A Paris, elles se multiplient au cours du XIIIème, ce qui incite le prévôt à ordonner en 1268 la rédaction des métiers parisiens organisés (« le livre des métiers de Paris »), pour éviter la fabrication déloyale. La formation des métiers était libre, mais une fois la communauté organisée, ceux qui voulaient y entrer devaient jurer le métier ; les autres (« chambrelans ») devant travailler en dehors (situation précaire). Les maîtres sont les seuls à pouvoir exercer le métier pour leurs comptes : les compagnons travaillent à l’heure ou aux pièces pour le compte des maîtres ; les apprentis vivent avec la famille du maître et l’ont payé pour être instruit. En principe, un compagnon peut devenir maître dès qu’il a un certain niveau de connaissance, car le nombre de maître est rarement limité. Le nombre d’apprentis est par contre toujours réglementé pour éviter qu’il n’y ai trop de maître, ce qui conduirait à une baisse des prix. Les maîtres finiront par fermer le métier, et les compagnons ne pourront plus devenir maîtres.
Un petit nombre de maîtres (les « jurés », « gardes » ou « syndics du métier ») dirigent la communauté : ils sont élus pour un an par l’assemblée générale ou désignés par le seigneur, et sont chargés d’assurer le respect de la réglementation : ils pouvaient visiter à toute heure les ateliers et se saisir des fausses œuvres.
Les communautés de métiers sont autonomes, mais leur existence est soumise à l’accord du seigneur : les jurés doivent résoudre les conflits nés à l’intérieur du métier, mais l’arbitrage final revient au seigneur. En 1291, celui de Reims a tranché un conflit entre maîtres et ouvriers drapiers, et a ordonné la rédaction de statuts interdisant les alliances d’ouvriers contre les maîtres, ou de maîtres contre les ouvriers.

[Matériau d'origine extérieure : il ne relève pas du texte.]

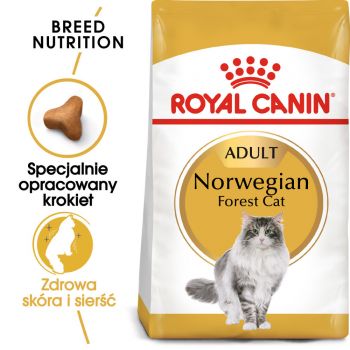 ROYAL CANIN NORVEGIAN FOREST CAT ADULT KARMA SUCHA DLA KOTÓW DOROSŁYCH RASY NORWESKI LEŚNY 2 KG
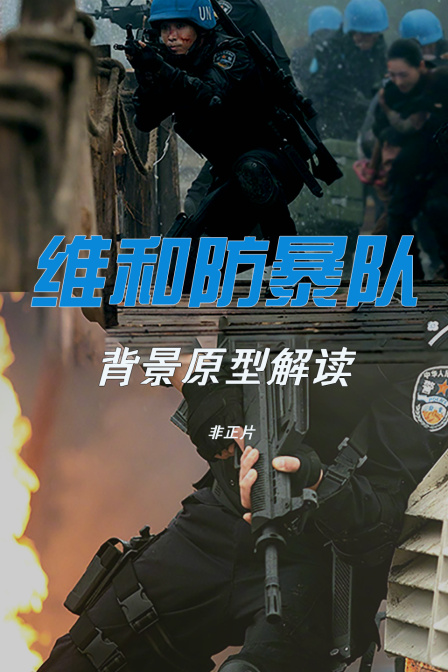 《維和防暴隊》背景原型解讀 非正片(2024)海報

Þ Les rois favoriseront ces communautés, qui permettent le développement d’un droit commercial, quelquefois inséré dans leur statut. En Italie, certaines auront des juridictions spécifiques.
§3 : Le renouveau municipal.
La seigneurie ne favorise pas les échanges commerciaux. Au XIIème siècle, trois types de villes apparaissent : – les villes de prévôté sont créées avec l’assentiment du seigneur et du roi, et ont une autonomie modeste. Un prévôt administre la ville pour le compte du seigneur ou du roi. On en trouve surtout dans le centre, l’ouest et le sud-ouest. Les libertés y sont moindres que dans les autres villes.
– les communes jurées, présentes dans le nord et l’est, sont souvent créées avec un esprit de lutte contre le pouvoir seigneurial en place. Elles s’administrent elles-mêmes, ont quelques libertés, et bénéficient d’une juridiction particulière : origine des juridictions municipales.
– les villes de consulats sont copiées sur le modèle italien. Elles ont en général les mêmes libertés que les communes jurées, mais leur création n’est pas présidée par un esprit de lutte.
Þ Les villes ont favorisé le renouveau du commerce, car cette structure était adaptée aux échanges, au contraire des seigneuries. Les statuts des villes regroupés dans les Chartes municipales, accueillaient quelquefois de nouveaux usages du droit commercial. Mais ici aussi, les apports des villes françaises restent minces. Les villes italiennes sont celles qui en ont accueilli le plus : la République de Gènes accueille directement le droit des marchands dans ses statuts.